**TASK STATEMENT**
In your copy, leave out the pictures and output only the lines from the one holding "Crema Marfil Coto Blocks" through the end of the data below, exactly.

**AVAILABLE DATA**
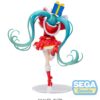 Hatsune Miku Series Luminasta PVC Szobor Hatsune Miku Christmas 2024 19 cm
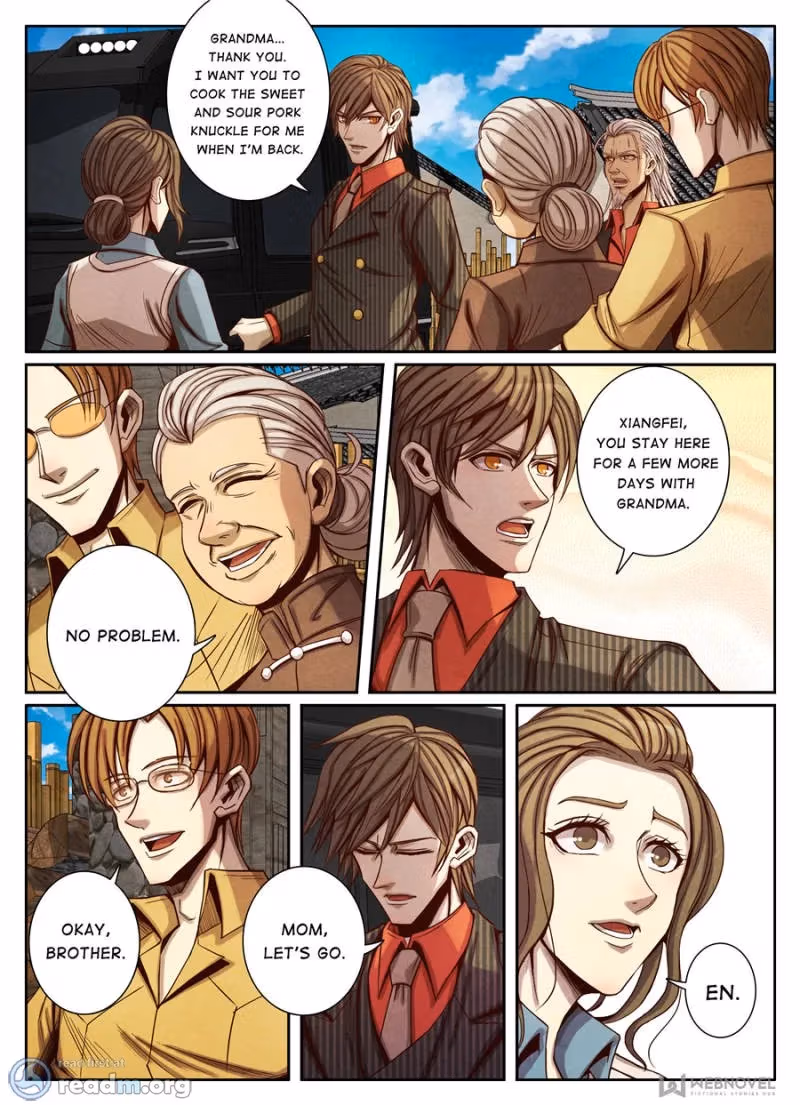 Read Returning from the Immortal World chapter 103 image 9 on Lezhin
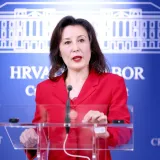 Ore&scaron;ković o prosvjedu AHSP-a protiv Dežulovića: 'Božinoviću, zaustavi ovu turneju maltretiranja'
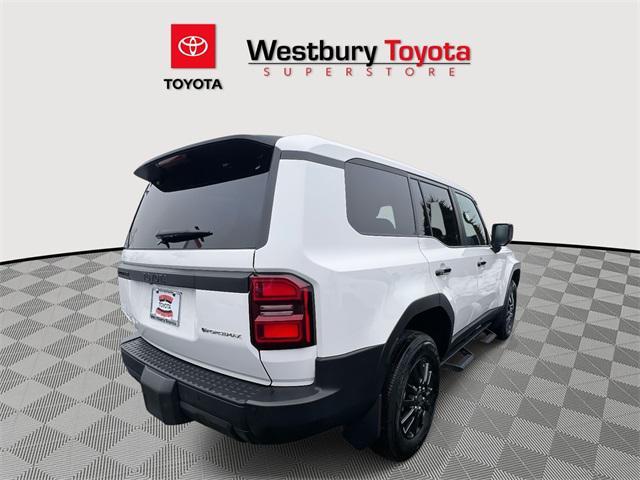 used 2025 Toyota Land Cruiser car, priced at $55,995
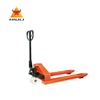 NIULI China Outdoor 5 Ton Trolley Jack 50 Fork Lift Price Manual Hydraulic Jack Hand Operated Pallet Truck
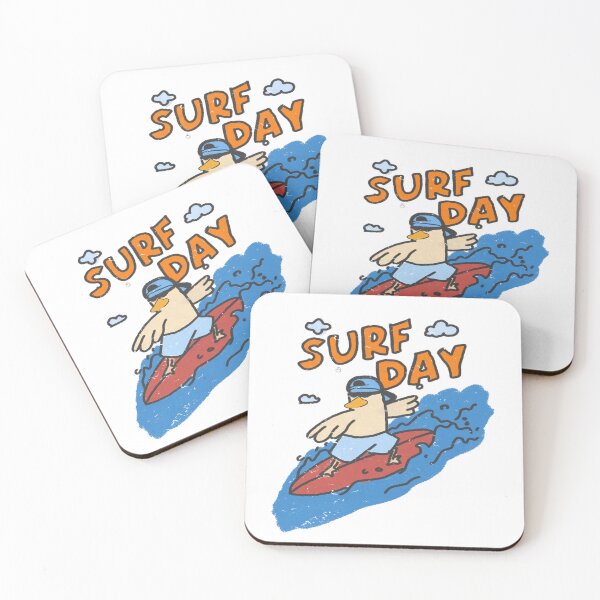 Item preview, Surf day designed and sold by kirubhs.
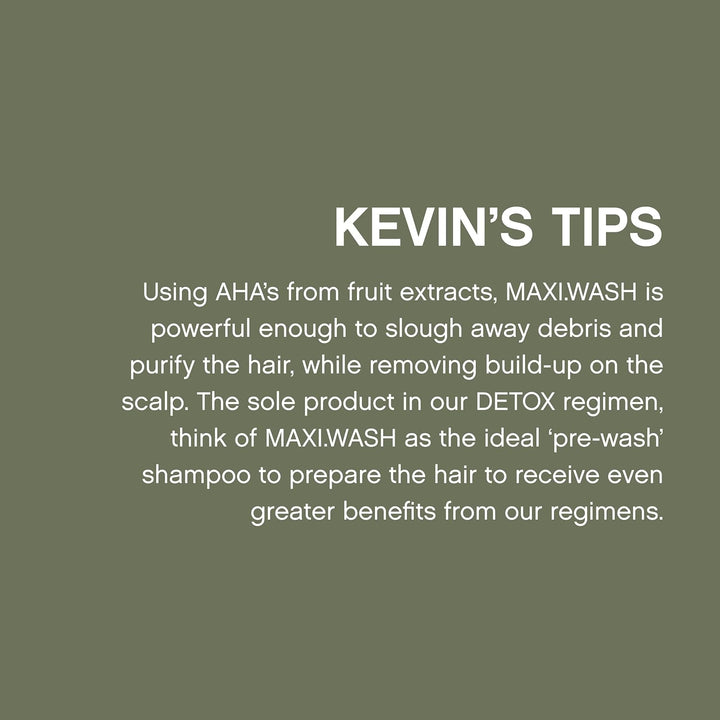 Kevin Murphy Maxi Wash Shampoo, 1000 ml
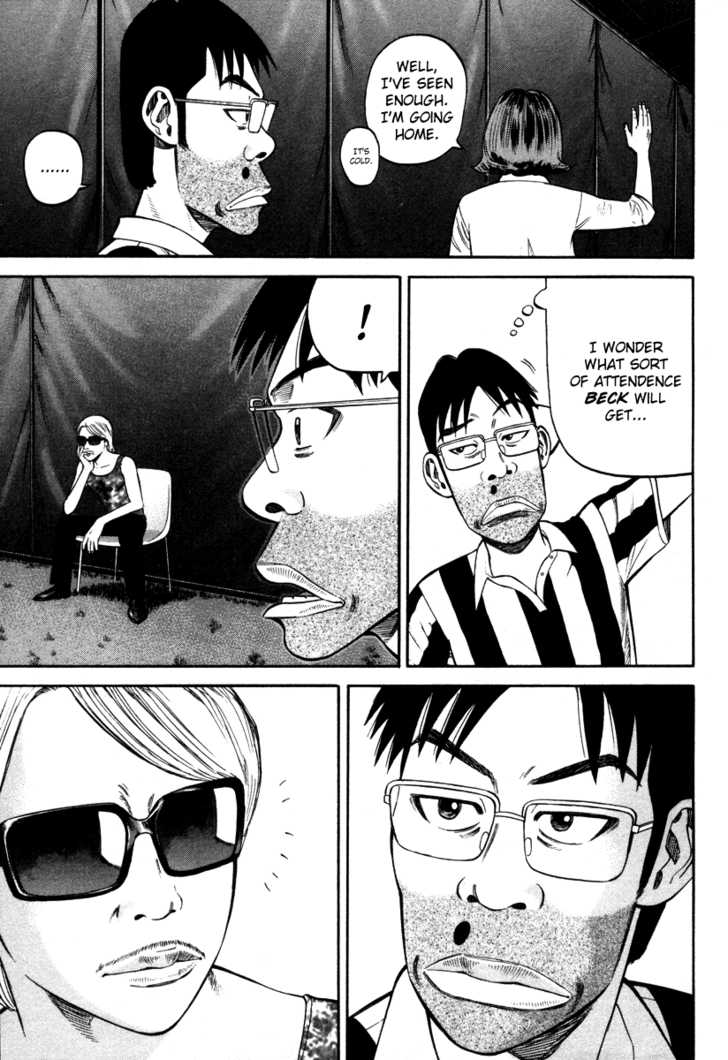 Read Beck Manga Online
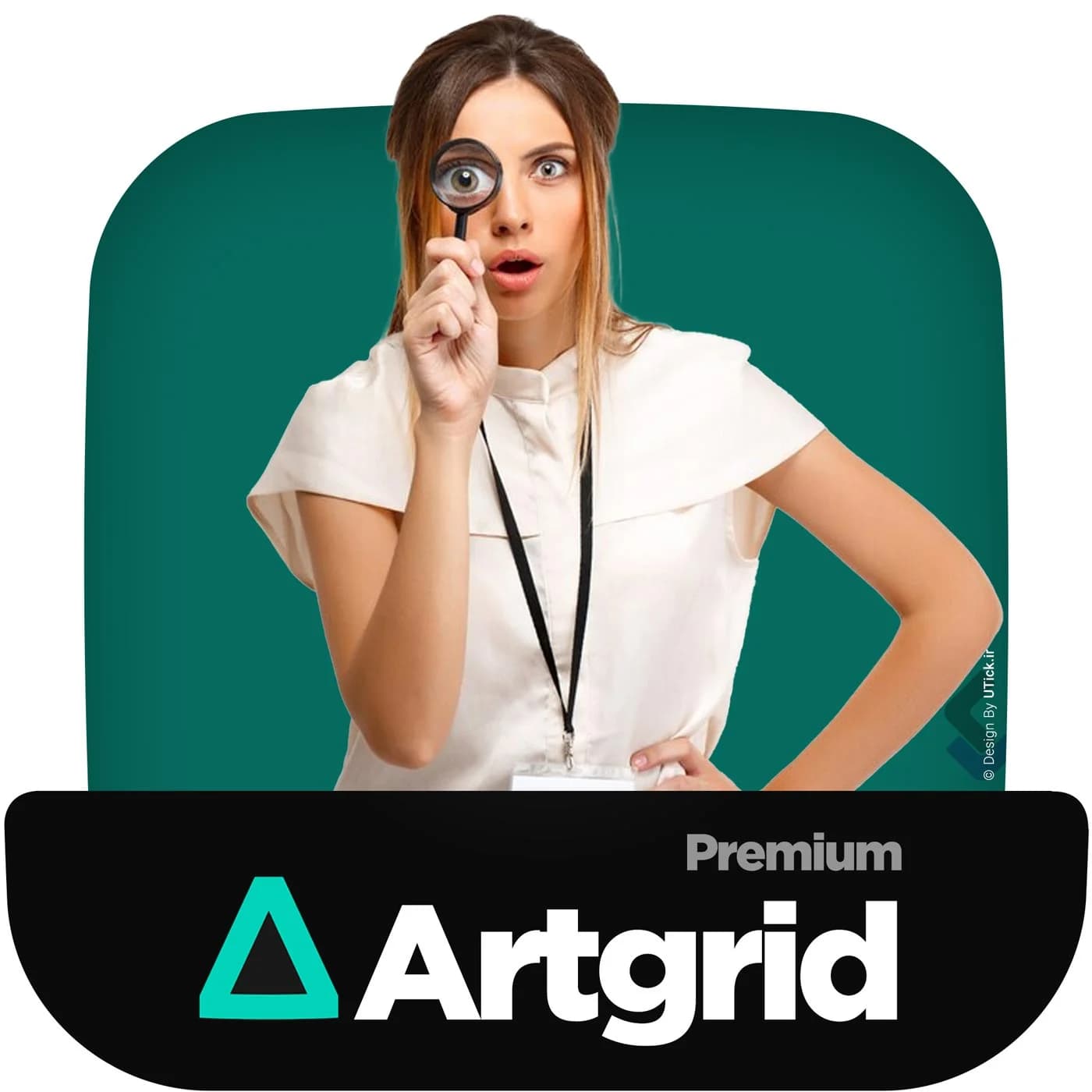 خرید اشتراک Artgrid آرت‌گرید با ایمیل اختصاصی+ تحویل و شارژ آنی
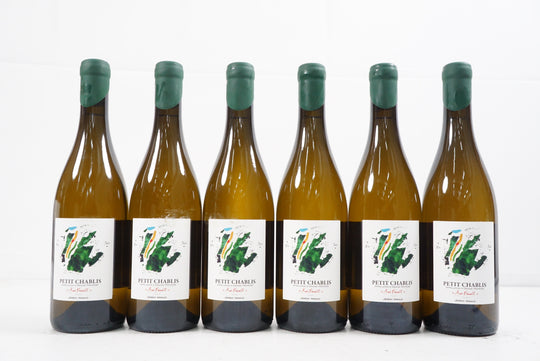 Jeremy Arnaud Petit Chablis Sur Priault 2022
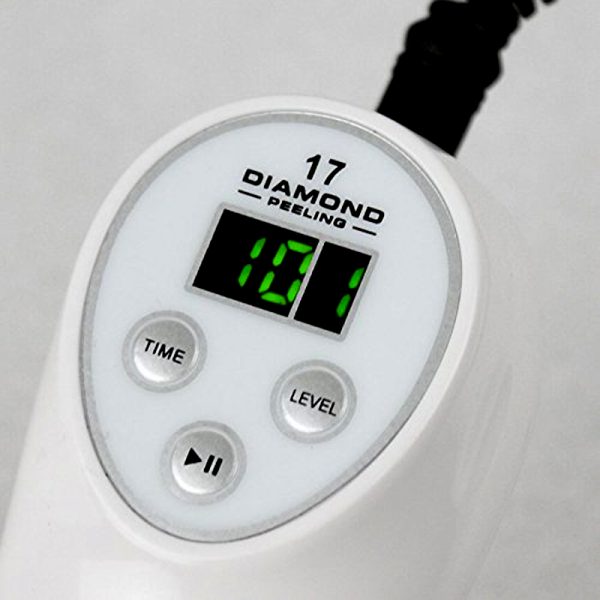 دستگاه میکرودرم دیاموند ZENY Portable Digital Microdermabrasion Diamond Dermabrasion Pen Vacuum Massage Skin Peeling Beauty Equipment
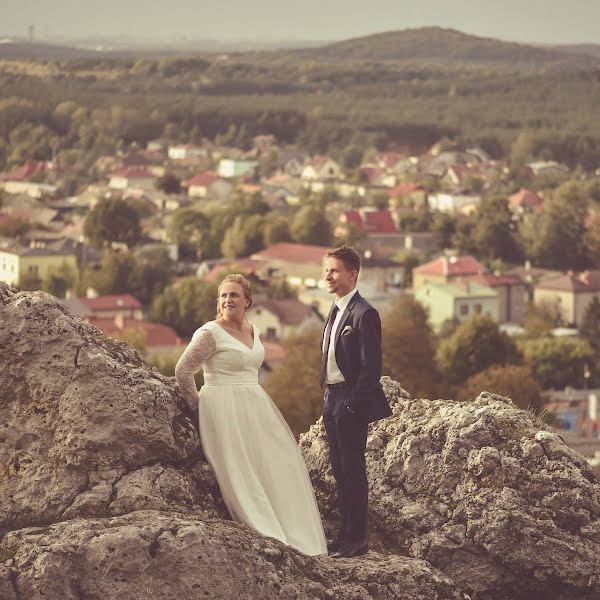 Fotógrafo de bodas Patryk Chmielewski (chmielewskifoto). Foto del 10 de marzo 2020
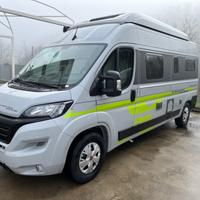 Hymer Grand Canyon crossover 140cv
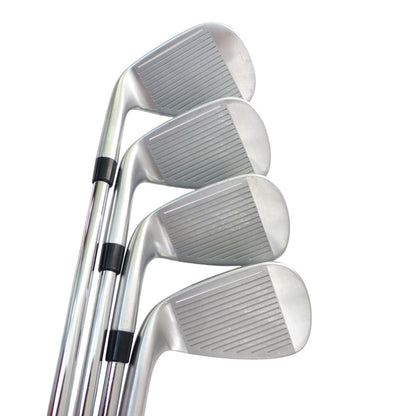 TaylorMade: Qi Iron Set 5-PW, AW, SW (8 pc) Steel Regular Right Hand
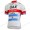 UAE EMIRATES Argentine Champion Fietsshirts Korte Mouws MFVXH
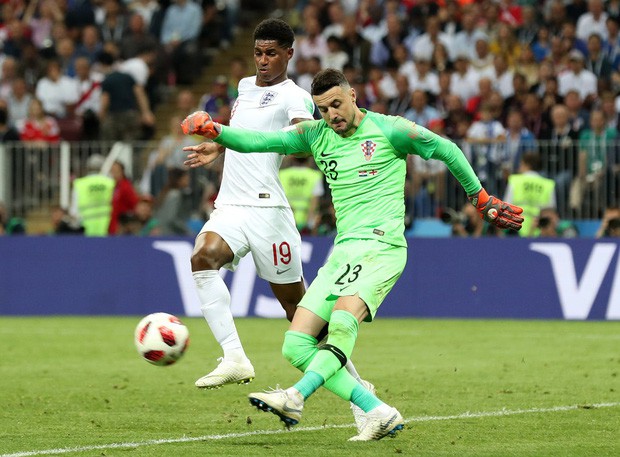 Cầu thủ Anh bật khóc tức tưởi sau trận thua ngược Croatia, mất vé vào chung kết World Cup 2018 - Ảnh 22.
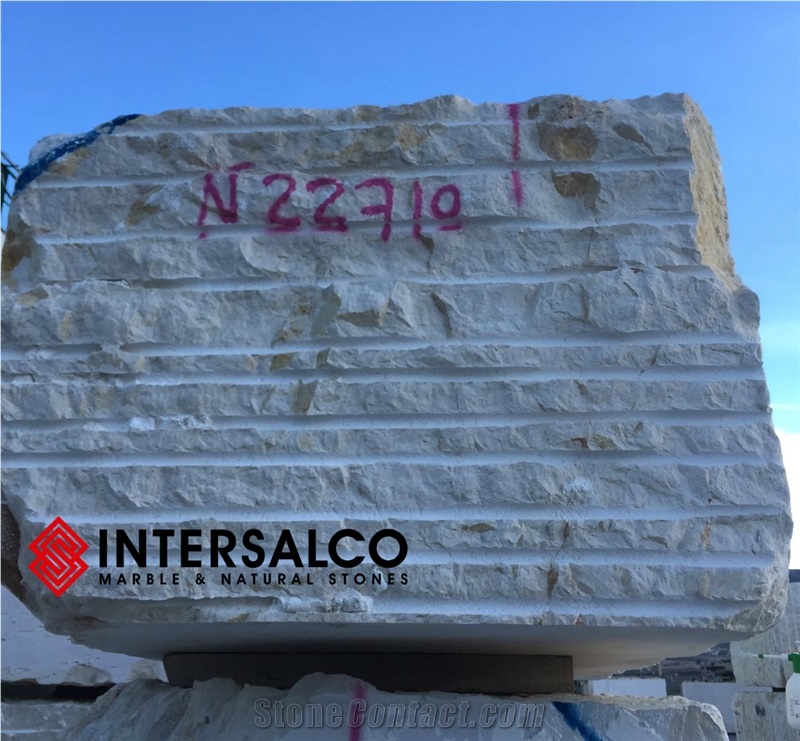 Crema Marfil Coto Blocks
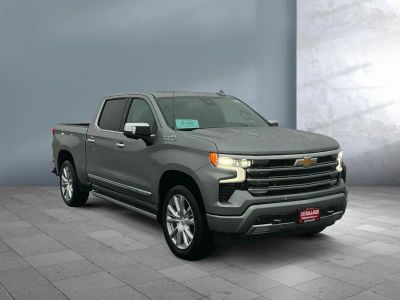 2026 Chevrolet Silverado 1500 — photo 8 view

**RESPONSE**
 Crema Marfil Coto Blocks
 2026 Chevrolet Silverado 1500 — photo 8 view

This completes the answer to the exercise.